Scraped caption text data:
<<<<

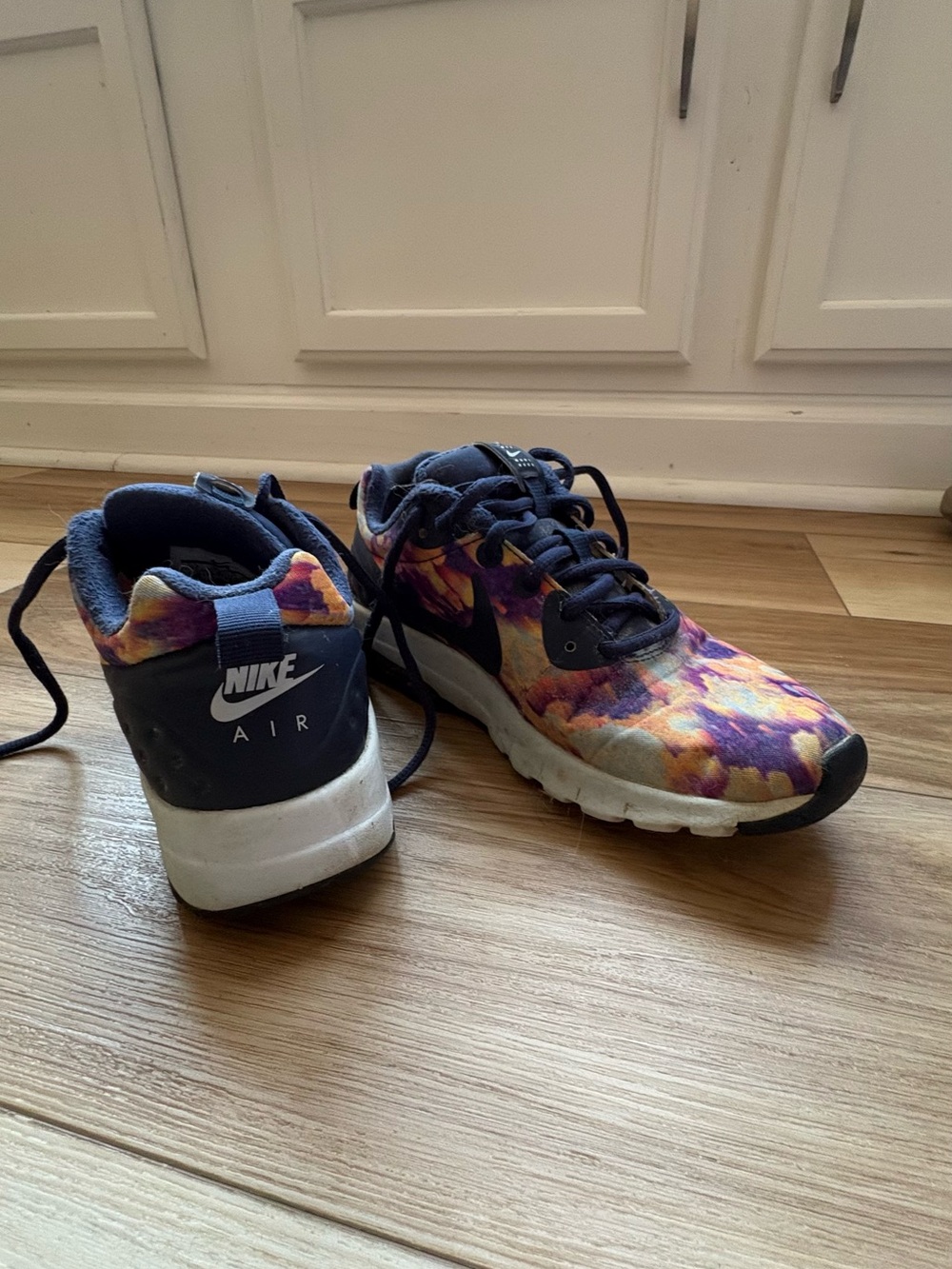 Nike Women’s Air Running Shoes - Multicolor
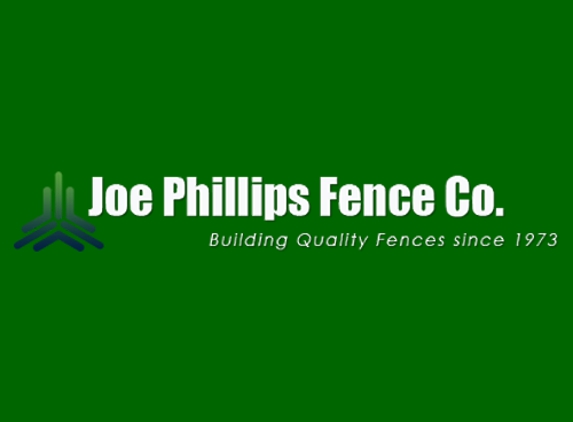 Joe Phillips Fence Co - Madison, VA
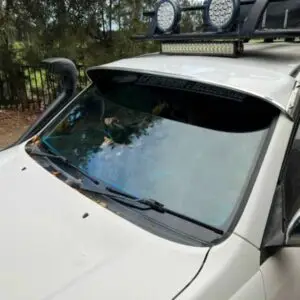 custom fit MQ GQ sunvisor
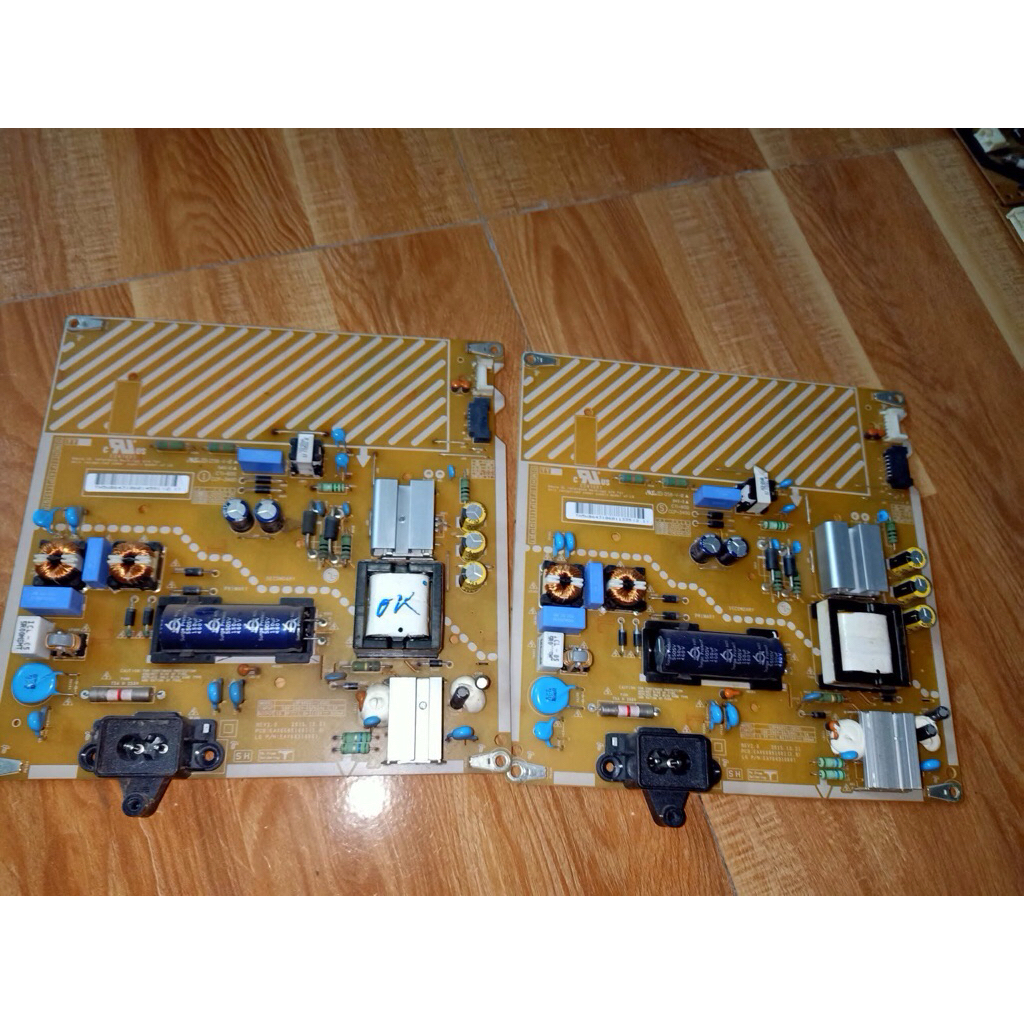 Main bo nguồn tivi LG 49LH570, 49lh590, 49LH570T, 49LH590T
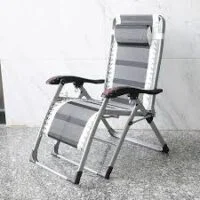Durable Stainless Steel Folding Chair with a sleek, modern design, foldable for easy storage, and ideal for indoor or outdoor use.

>>>>

Task requirements:
Output the line that contains "custom fit MQ GQ sunvisor" and every line after it to the end of the records, word for word, leaving out the pictures.

Answer:
 custom fit MQ GQ sunvisor
 Main bo nguồn tivi LG 49LH570, 49lh590, 49LH570T, 49LH590T
Durable Stainless Steel Folding Chair with a sleek, modern design, foldable for easy storage, and ideal for indoor or outdoor use.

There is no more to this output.